Items listed in a dataset
⁂
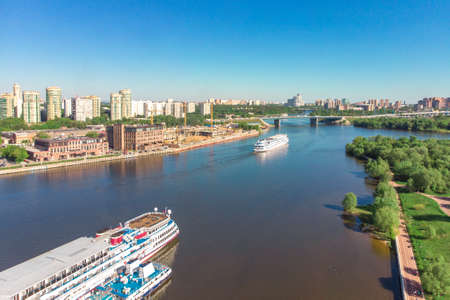Scenic view of the city by the river with ships sailing on it. Concept clean city, life in the city. aerial shot, top shotの写真素材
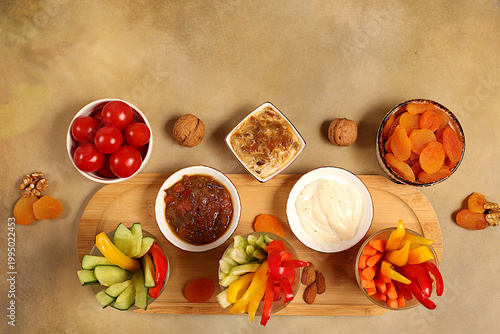 Cuadro en lienzo Middle East plate, Healthy food cuisine background with hummus bowl and raw vegetable sticks, nuts and dried apricots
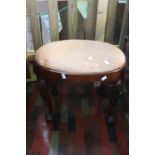 ***LOCATED AT GRESLEY****Two 1920's reproduction Regency oval stools with ball and claw feet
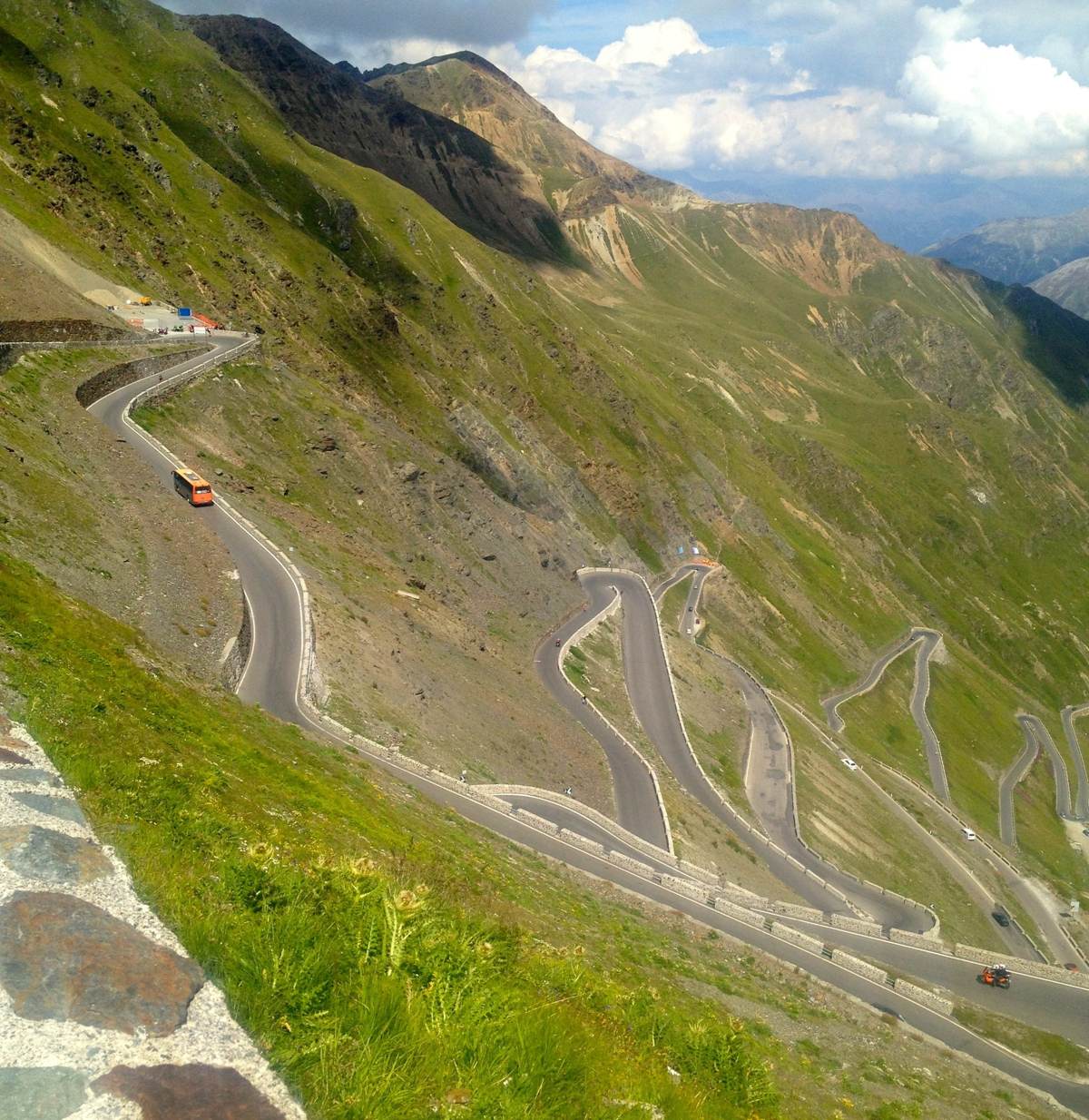 The Stelvio hairpins winding down the mountainside, seen from above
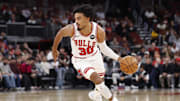 Nov 4, 2025; Chicago, Illinois, USA; Chicago Bulls guard Tre Jones (30) drives to the basket against the Philadelphia 76ers during the first half at United Center. Mandatory Credit: Kamil Krzaczynski-Imagn Images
⁂
#### ACTIVITY:
Every record must be transcribed faithfully, with no picture carried over.

#### EXERCISE OUTPUT:
Scenic view of the city by the river with ships sailing on it. Concept clean city, life in the city. aerial shot, top shotの写真素材
 Cuadro en lienzo Middle East plate, Healthy food cuisine background with hummus bowl and raw vegetable sticks, nuts and dried apricots
 ***LOCATED AT GRESLEY****Two 1920's reproduction Regency oval stools with ball and claw feet
 The Stelvio hairpins winding down the mountainside, seen from above
 Nov 4, 2025; Chicago, Illinois, USA; Chicago Bulls guard Tre Jones (30) drives to the basket against the Philadelphia 76ers during the first half at United Center. Mandatory Credit: Kamil Krzaczynski-Imagn Images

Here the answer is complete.